## Problem description
Among the entries below, one stretch runs from the line that contains "優勝構築【キラーチューン】デッキ＆3重スリーブ 《 キラーチューン" through the line that contains "меф VHQ Пенза". Repeat that stretch exactly, ends included, and only that.

## Data to use
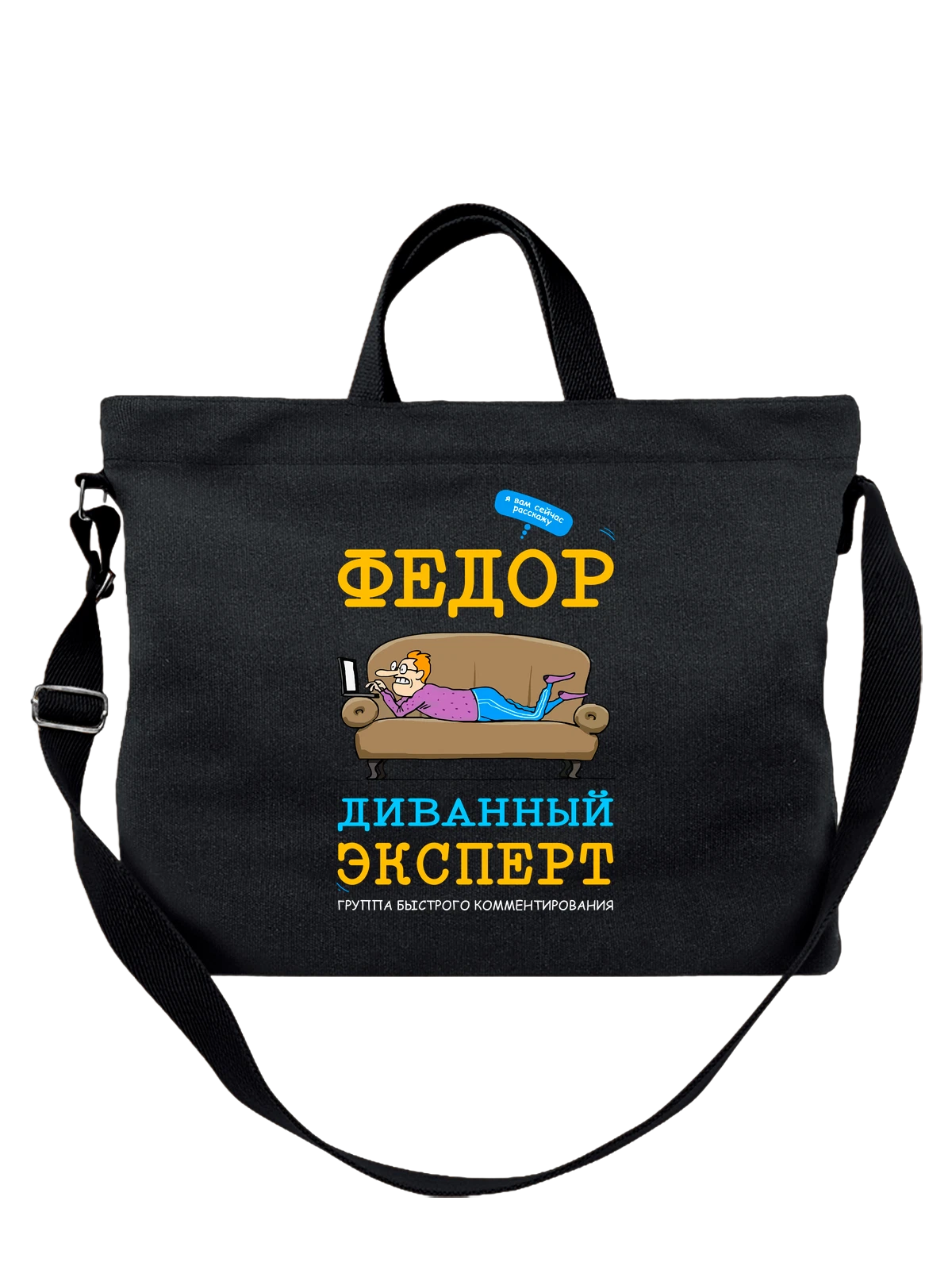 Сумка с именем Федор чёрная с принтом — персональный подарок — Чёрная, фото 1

...

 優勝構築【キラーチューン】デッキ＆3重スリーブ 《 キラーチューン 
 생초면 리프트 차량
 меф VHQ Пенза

## Response to the task
 優勝構築【キラーチューン】デッキ＆3重スリーブ 《 キラーチューン 
 생초면 리프트 차량
 меф VHQ Пенза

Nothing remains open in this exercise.